Geelong Advertiser

TV presenter tells of terrible online abuse

- ASHLEIGH GLEESON

TELEVISION personalit­y Erin Molan has revealed that she feared going outside due to vicious online trolling, but when she reported a threat to kill her unborn baby to Facebook it told her it did not meet the threshold for “inappropri­ate” content.

The 39-year-old Sky News contributo­r (pictured) relayed countless examples of sickening abuse – including someone writing they would abuse her two-year-old – while giving evidence to a powerful parliament­ary inquiry into social media and online safety on Tuesday.

Molan said she was inundated with terrifying messages after she began hosting The Footy Show, and she soon became nervous to leave her home.

“Not things like ‘we don’t like watching you’, but things like ‘we want to ensure you die, I’ll hit you with a bus’,” she said.

“It made me fear for my safety, it made me nervous about going outside.”

The single mother started to cry when speaking about how she’d gone through a lot in her private life and – despite her resilience and support from her family – the trolling became too much.

“When you’re subjected to something so often and for so long and it is so repetitive and so awful, even the strongest people in the world can start to maybe believe that maybe a bit of it is true,” she said.

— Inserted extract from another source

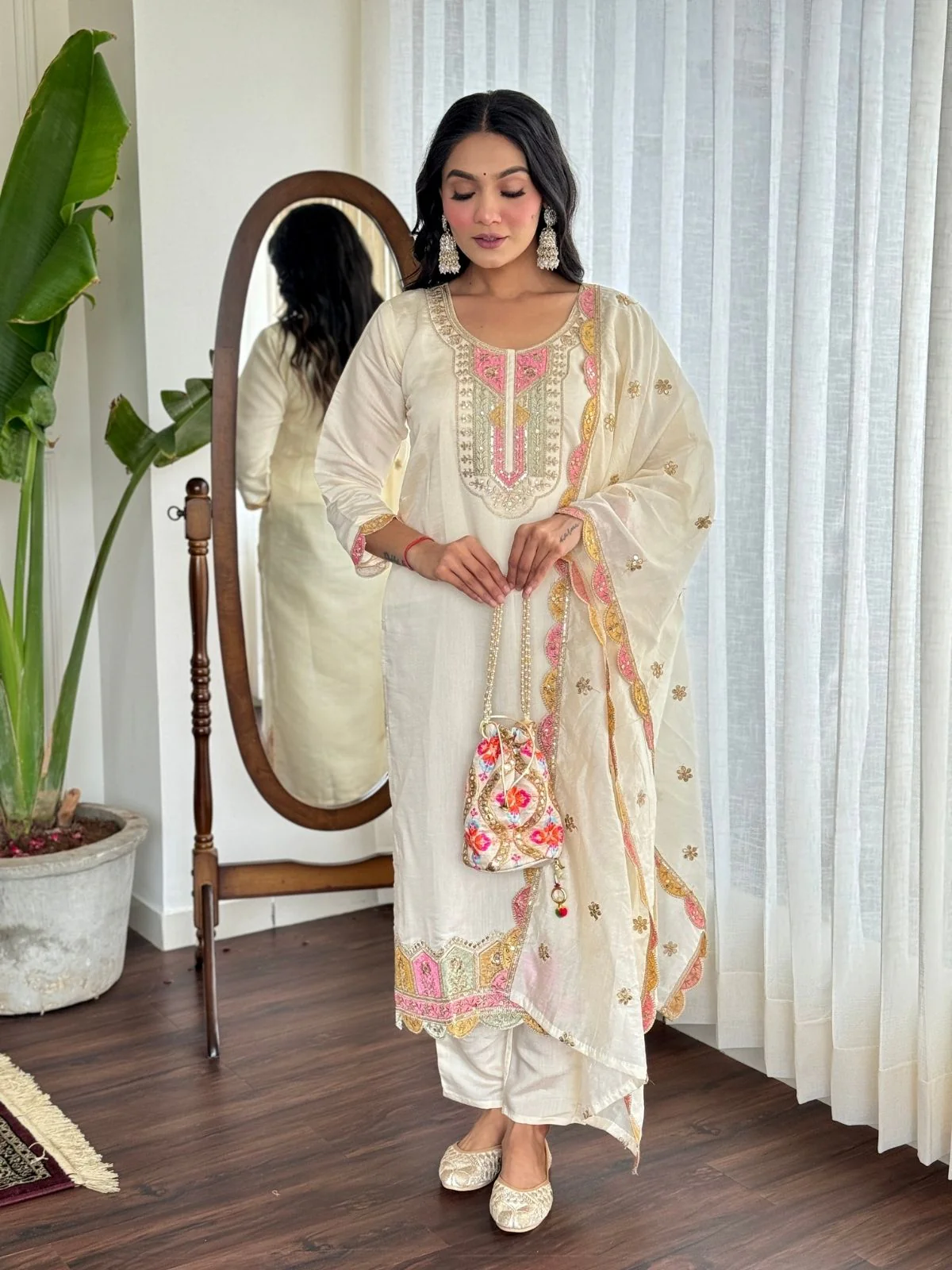 Odette White Viscose chanderi Embroidered Stitched Kurta Set For Women - Image 2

“But once I realised that Mother Teresa could build an orphanage in Botswana, and they would still go online and absolutely annihilate her, once I realised that it happens to tens of thousands of other people, it’s awful, but I felt a little bit comforted by the fact I wasn’t actually all the things they’re saying I am.”

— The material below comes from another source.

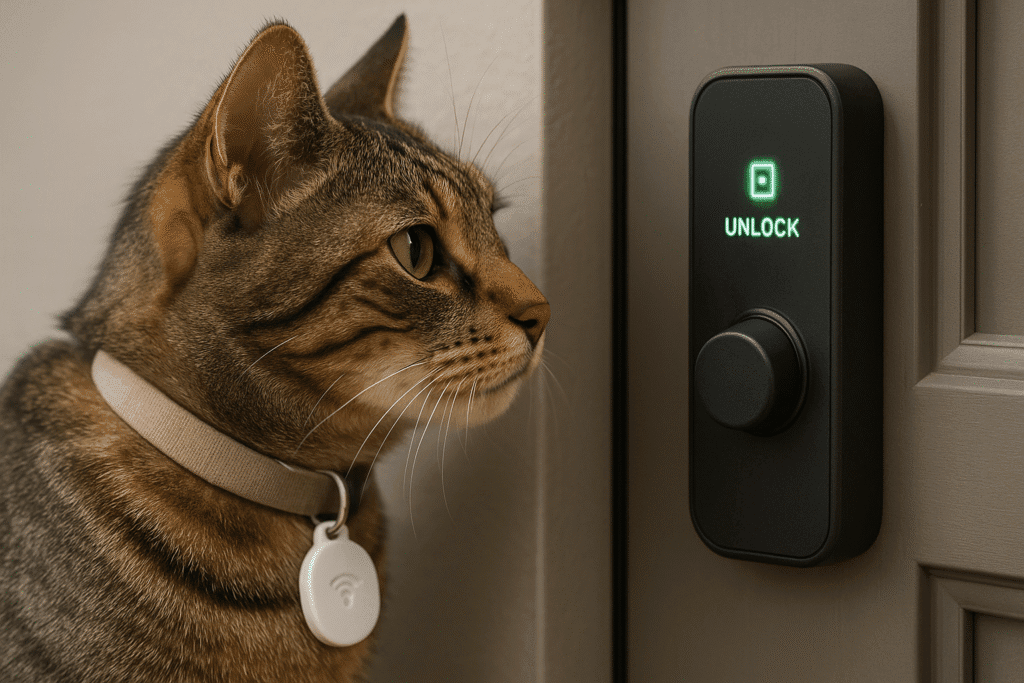 RFID collar tag unlocking a smart cat doors 2025.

She said world-first draft legislatio­n that would compel social media companies to hand over the identities of trolls in defamation cases was important in taking away their power.

She also said new powers given to the eSafety Commission­er in the Online Safety Act – which will take effect from Sunday – that could lead to someone being fined for cyber abuse would be effective.

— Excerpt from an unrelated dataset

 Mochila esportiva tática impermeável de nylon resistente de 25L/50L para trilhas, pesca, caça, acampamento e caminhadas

She said it would set a bare minimum standard of behaviour and filter down to improve things from a societal perspectiv­e by setting an example.

“The personal impact of this on people, we’ve seen people take their lives, we’ve seen kids try to take their lives, we’ve seen many lives ruined by this kind of behaviour,” she said.

“If you take away their anonymity and you take away their power, all of a sudden it’s a level playing field again and that’s what it needs to be.”